## Stored data
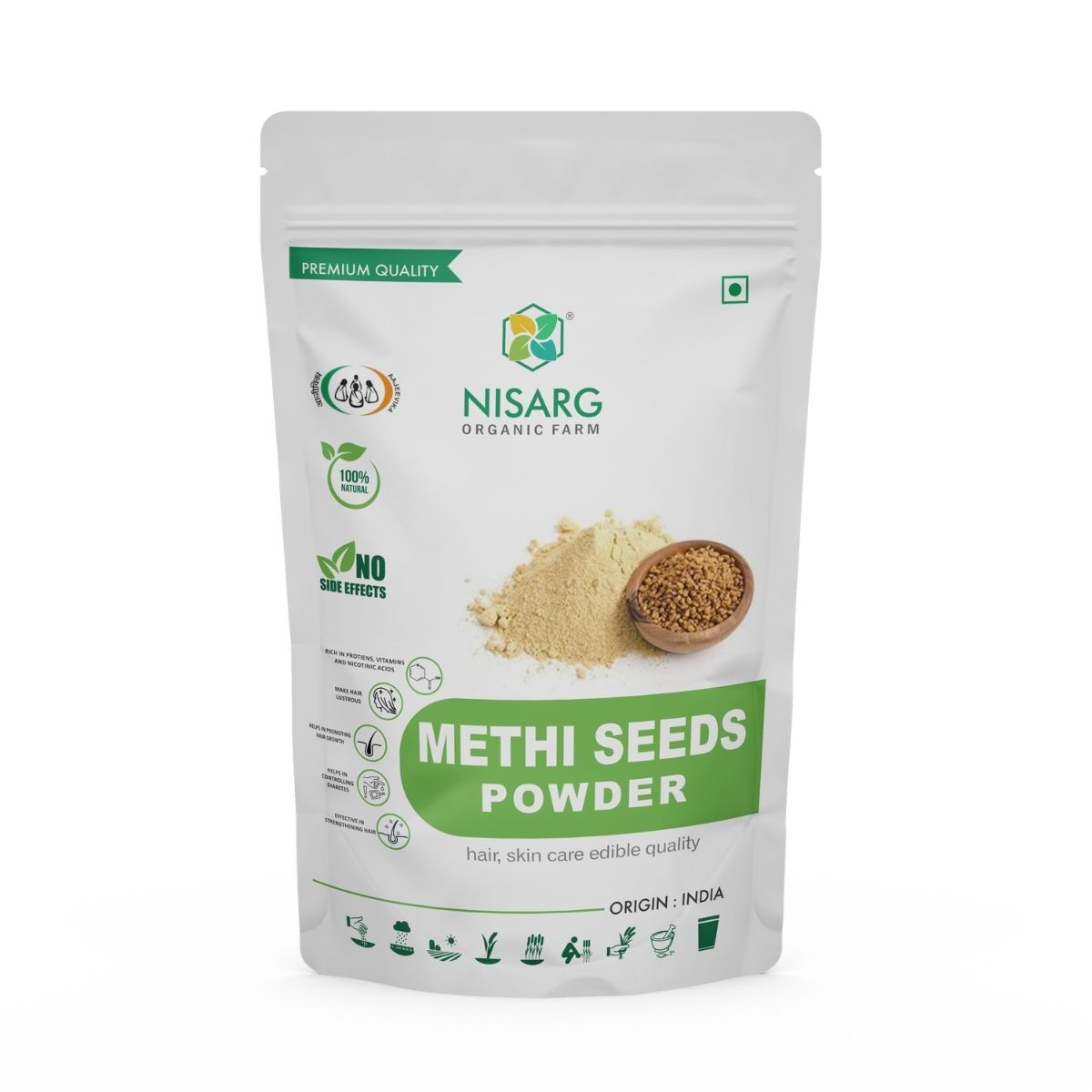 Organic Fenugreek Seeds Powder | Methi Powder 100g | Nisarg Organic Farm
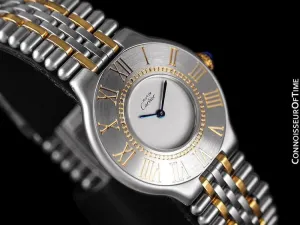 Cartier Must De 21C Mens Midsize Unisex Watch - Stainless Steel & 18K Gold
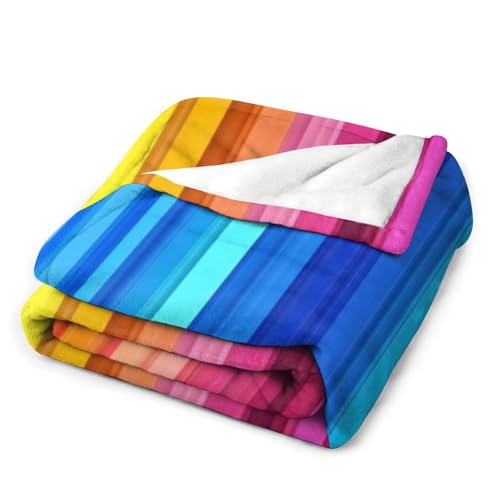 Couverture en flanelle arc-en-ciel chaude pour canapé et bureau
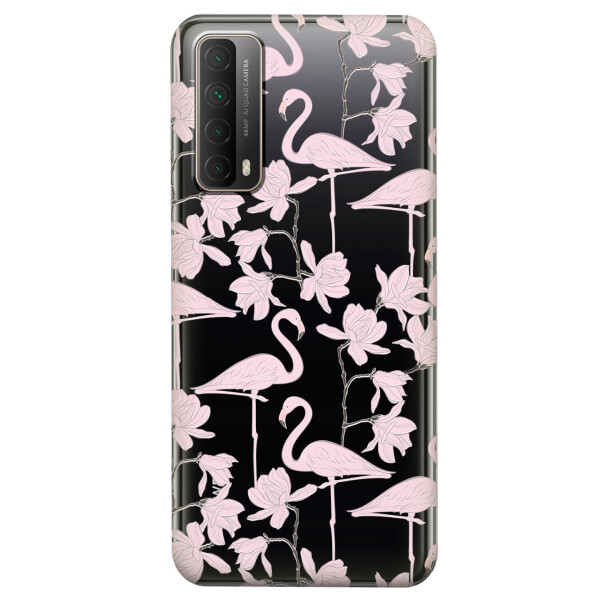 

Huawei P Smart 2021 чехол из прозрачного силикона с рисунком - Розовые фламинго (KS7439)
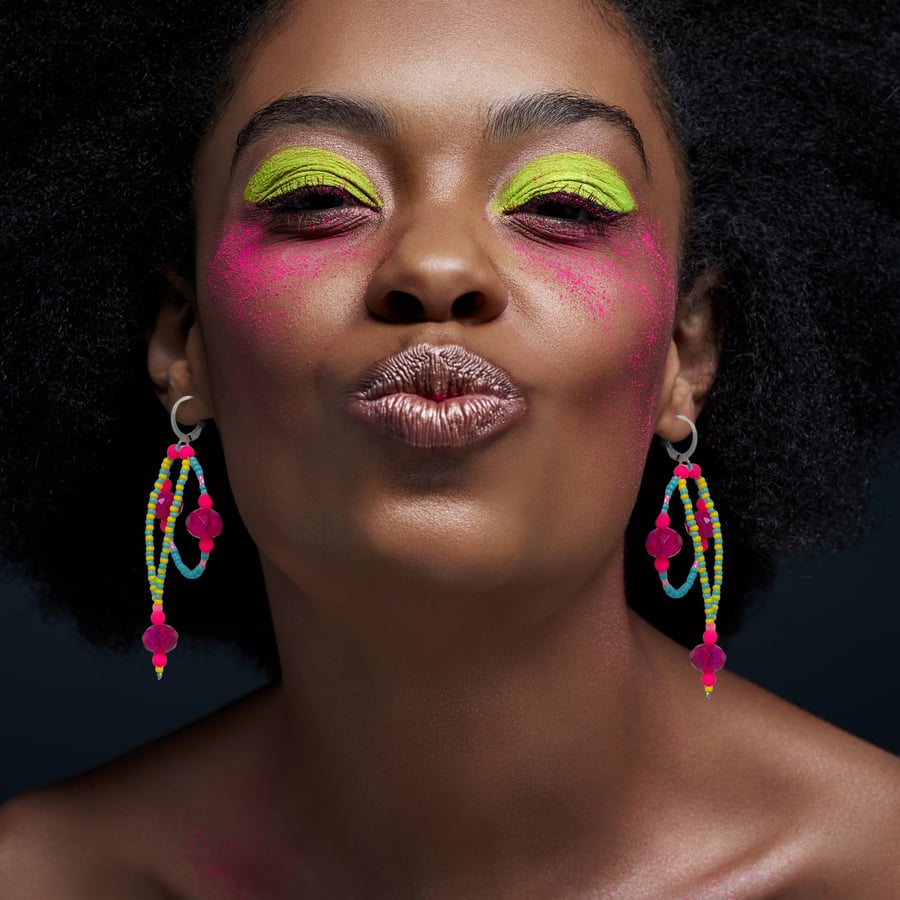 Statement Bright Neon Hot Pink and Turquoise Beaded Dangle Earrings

## About this task
Give back, exactly and without pictures, the stretch of the records above from the line containing "Cartier Must De" through the line containing "Huawei P Smart", with both end lines included.

## Expected output
 Cartier Must De 21C Mens Midsize Unisex Watch - Stainless Steel & 18K Gold
 Couverture en flanelle arc-en-ciel chaude pour canapé et bureau

Huawei P Smart 2021 чехол из прозрачного силикона с рисунком - Розовые фламинго (KS7439)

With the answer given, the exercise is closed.